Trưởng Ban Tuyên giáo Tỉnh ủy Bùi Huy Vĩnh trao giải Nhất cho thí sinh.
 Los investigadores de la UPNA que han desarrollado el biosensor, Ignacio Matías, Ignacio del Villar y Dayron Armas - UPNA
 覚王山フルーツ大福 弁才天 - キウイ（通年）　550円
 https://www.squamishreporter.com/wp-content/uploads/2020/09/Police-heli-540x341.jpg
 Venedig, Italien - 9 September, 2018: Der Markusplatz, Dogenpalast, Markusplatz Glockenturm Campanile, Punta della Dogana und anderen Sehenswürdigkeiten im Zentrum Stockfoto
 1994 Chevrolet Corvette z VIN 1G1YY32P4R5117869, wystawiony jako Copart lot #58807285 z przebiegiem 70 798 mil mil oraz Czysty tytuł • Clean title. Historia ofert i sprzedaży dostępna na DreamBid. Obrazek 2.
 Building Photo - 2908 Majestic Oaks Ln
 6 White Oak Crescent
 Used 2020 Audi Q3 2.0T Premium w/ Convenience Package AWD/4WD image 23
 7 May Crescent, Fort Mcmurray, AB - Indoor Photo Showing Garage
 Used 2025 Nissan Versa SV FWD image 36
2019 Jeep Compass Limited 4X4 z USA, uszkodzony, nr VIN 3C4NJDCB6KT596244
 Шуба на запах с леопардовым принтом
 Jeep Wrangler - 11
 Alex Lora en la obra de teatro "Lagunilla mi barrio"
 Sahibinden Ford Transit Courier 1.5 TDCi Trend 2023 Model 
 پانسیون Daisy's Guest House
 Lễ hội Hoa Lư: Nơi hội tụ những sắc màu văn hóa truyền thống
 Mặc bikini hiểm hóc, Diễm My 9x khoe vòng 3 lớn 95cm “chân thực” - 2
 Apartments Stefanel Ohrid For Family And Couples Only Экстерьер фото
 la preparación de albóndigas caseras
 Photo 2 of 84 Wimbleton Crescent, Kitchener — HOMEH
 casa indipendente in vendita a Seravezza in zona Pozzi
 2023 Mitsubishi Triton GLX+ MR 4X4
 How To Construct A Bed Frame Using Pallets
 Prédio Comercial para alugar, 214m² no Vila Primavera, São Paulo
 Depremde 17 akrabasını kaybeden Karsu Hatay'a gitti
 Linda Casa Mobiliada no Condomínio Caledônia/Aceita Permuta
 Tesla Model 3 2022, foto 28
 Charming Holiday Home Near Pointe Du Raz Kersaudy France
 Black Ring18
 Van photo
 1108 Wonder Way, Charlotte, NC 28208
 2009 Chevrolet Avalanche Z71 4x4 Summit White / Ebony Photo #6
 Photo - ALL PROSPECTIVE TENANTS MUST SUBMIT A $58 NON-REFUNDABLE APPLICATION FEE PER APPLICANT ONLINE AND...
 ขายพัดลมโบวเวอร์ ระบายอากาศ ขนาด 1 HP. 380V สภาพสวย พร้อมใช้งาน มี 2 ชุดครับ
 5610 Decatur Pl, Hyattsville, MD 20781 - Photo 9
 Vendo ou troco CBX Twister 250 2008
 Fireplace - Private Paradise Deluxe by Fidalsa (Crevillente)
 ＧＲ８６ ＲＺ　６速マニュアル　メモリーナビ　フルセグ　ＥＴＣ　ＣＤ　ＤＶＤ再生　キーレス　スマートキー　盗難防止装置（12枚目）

● **WORK ITEM**
What you should output is every line of the records above, from the first through the line containing "Mặc bikini hiểm", unchanged.

● **SOLUTION TO THE EXERCISE**
Trưởng Ban Tuyên giáo Tỉnh ủy Bùi Huy Vĩnh trao giải Nhất cho thí sinh.
 Los investigadores de la UPNA que han desarrollado el biosensor, Ignacio Matías, Ignacio del Villar y Dayron Armas - UPNA
 覚王山フルーツ大福 弁才天 - キウイ（通年）　550円
 https://www.squamishreporter.com/wp-content/uploads/2020/09/Police-heli-540x341.jpg
 Venedig, Italien - 9 September, 2018: Der Markusplatz, Dogenpalast, Markusplatz Glockenturm Campanile, Punta della Dogana und anderen Sehenswürdigkeiten im Zentrum Stockfoto
 1994 Chevrolet Corvette z VIN 1G1YY32P4R5117869, wystawiony jako Copart lot #58807285 z przebiegiem 70 798 mil mil oraz Czysty tytuł • Clean title. Historia ofert i sprzedaży dostępna na DreamBid. Obrazek 2.
 Building Photo - 2908 Majestic Oaks Ln
 6 White Oak Crescent
 Used 2020 Audi Q3 2.0T Premium w/ Convenience Package AWD/4WD image 23
 7 May Crescent, Fort Mcmurray, AB - Indoor Photo Showing Garage
 Used 2025 Nissan Versa SV FWD image 36
2019 Jeep Compass Limited 4X4 z USA, uszkodzony, nr VIN 3C4NJDCB6KT596244
 Шуба на запах с леопардовым принтом
 Jeep Wrangler - 11
 Alex Lora en la obra de teatro "Lagunilla mi barrio"
 Sahibinden Ford Transit Courier 1.5 TDCi Trend 2023 Model 
 پانسیون Daisy's Guest House
 Lễ hội Hoa Lư: Nơi hội tụ những sắc màu văn hóa truyền thống
 Mặc bikini hiểm hóc, Diễm My 9x khoe vòng 3 lớn 95cm “chân thực” - 2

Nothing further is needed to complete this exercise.